The lithium-ion battery battle is heating up, literally and figuratively. The issue: whether these controversial power-producers should be allowed to be carried, in bulk, in the bellies of passenger aircraft.
According to a story by the Associated Press two influential groups want the ban. One of them is the International Coordination Council of Aerospace Industry Associations (ICCAIA), which represents, among others, aircraft manufactures such as Boeing and Airbus. The other is the International Federation of Air Line Pilots Associations (IFALPA).
In a paper obtained by AP the ICCAIA contends the threat of lithium-ion battery fires poses “an unacceptable risk.”
Underpinning the call for a ban are tests conducted on lithium-ion rechargeable batteries in the spring of 2014 by the U.S. Federal Aviation Administration’s Fire Safety Branch.
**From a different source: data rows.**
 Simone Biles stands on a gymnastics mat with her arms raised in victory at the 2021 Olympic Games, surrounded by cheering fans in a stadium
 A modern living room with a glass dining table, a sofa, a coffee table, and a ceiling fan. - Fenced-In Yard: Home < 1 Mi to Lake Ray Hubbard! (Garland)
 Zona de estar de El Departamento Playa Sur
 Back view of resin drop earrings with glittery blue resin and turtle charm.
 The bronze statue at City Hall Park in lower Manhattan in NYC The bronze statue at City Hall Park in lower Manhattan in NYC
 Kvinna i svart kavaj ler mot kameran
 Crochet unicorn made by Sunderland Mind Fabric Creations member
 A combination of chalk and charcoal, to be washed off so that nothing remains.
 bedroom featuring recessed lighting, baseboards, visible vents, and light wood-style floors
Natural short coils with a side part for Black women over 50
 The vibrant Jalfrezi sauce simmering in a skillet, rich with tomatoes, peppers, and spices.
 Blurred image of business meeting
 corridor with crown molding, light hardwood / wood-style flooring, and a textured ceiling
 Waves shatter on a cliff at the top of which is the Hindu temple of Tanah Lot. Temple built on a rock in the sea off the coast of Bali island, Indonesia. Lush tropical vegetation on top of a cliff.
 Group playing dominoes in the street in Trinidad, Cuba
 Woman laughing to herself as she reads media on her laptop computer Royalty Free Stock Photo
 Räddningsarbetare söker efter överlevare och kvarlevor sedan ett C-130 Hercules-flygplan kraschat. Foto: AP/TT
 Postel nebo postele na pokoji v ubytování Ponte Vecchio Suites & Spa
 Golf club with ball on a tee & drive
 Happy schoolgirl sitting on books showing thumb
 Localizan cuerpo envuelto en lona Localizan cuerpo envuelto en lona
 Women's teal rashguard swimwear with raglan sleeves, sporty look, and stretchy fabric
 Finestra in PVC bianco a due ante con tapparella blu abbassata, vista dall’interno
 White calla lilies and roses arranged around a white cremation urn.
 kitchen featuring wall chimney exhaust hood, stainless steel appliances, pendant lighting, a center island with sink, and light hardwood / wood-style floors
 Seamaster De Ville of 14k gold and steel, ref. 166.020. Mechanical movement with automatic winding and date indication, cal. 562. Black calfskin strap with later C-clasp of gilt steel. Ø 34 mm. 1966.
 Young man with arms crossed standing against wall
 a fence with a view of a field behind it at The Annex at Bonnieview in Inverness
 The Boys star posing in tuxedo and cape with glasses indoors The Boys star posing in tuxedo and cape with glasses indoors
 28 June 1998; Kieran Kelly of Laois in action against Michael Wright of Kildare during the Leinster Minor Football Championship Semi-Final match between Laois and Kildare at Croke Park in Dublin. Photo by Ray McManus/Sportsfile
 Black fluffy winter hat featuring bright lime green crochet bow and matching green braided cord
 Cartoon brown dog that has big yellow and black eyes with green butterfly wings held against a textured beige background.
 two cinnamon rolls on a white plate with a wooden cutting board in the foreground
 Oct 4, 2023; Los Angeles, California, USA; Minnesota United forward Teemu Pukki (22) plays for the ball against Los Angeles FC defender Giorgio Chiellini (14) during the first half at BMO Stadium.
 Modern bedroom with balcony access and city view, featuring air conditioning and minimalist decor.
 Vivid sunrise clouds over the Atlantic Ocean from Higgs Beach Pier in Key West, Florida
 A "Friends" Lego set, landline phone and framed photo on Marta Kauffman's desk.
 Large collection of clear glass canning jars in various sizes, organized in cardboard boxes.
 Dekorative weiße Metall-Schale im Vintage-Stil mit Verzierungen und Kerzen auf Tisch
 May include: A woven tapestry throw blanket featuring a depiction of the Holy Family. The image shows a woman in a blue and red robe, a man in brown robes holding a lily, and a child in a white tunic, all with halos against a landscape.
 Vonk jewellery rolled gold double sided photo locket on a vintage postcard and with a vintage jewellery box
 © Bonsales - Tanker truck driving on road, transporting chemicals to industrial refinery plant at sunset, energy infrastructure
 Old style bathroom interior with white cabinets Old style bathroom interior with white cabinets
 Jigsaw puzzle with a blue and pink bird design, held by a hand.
Results were dramatic. FAA was testing the effectiveness of cargo compartment fire-resistant (FRCs) containers and fire-containment covers (FCCs) in combatting large lithium battery fires. According to FAA, two FRC tests took place. Those containers were fitted with a dry powder fire suppression agent. According to an FAA document, “An explosion occurred inside the [container] during both tests. The overpressure and subsequent fire destroyed the FRCs in both of these tests.” The fire suppression agent didn’t discharge in the first test. It did in the second, but that made scant difference. “The discharge of suppression system did occur prior to the [second] explosion but did not prevent it,” says the document.
In perhaps the most chilling passage FAA says, “The cause of these explosions was ignition of flammable gasses that were vented by the batteries in thermal runaway that had collected within the FRC.”
The tests employed some 5,000 batteries.
International Civil Aviation Organization (ICAO) Communications Chief Anthony Philbin says, “The ban being proposed by IFALPA (the pilots’ group) is currently awaiting discussion at the ICAO Dangerous Goods Panel Working Group.” That body convenes April 27. Philbin notes, however, “subsequent recommendations…will still require Council review and adoption to be construed as an ‘ICAO position.’” In other words, this may take a while.
It’s important to note that Philbin says ICAO already “bans shipments of lithium metal batteries (author’s emphasis) on passenger aircraft.” These metal batteries power, among other things, cameras.
The U.S. Pipeline and Hazardous Materials Safety Administration (PHMSA) banned shipment of lithium metal batteries back in in December 2004.
Where the regulations stand today
It’s the meaning of the term “bulk” that could play the pivotal role in deciding whether international regulators eventually end up prohibiting lithium-ion battery shipments in the cargo holds of passenger airliners.
There is already regulation of lithium-ion batteries stowed in the bellies of passenger aircraft. For airliners, the U.S. revised rule went into effect in August 2014. It focuses on proper packaging and labeling of the batteries, “harmonizing” the rule with stricter ICAO regulations.
The Rechargeable Battery Association, an industry lobbying group, supports those revised PHMSA rules, thinks harmonization is critical. “Dual standards create a fog of confusion that undermines compliance and enforcement efforts, says George Kerchner, the group’s executive director. “And reduced compliance jeopardizes safety.”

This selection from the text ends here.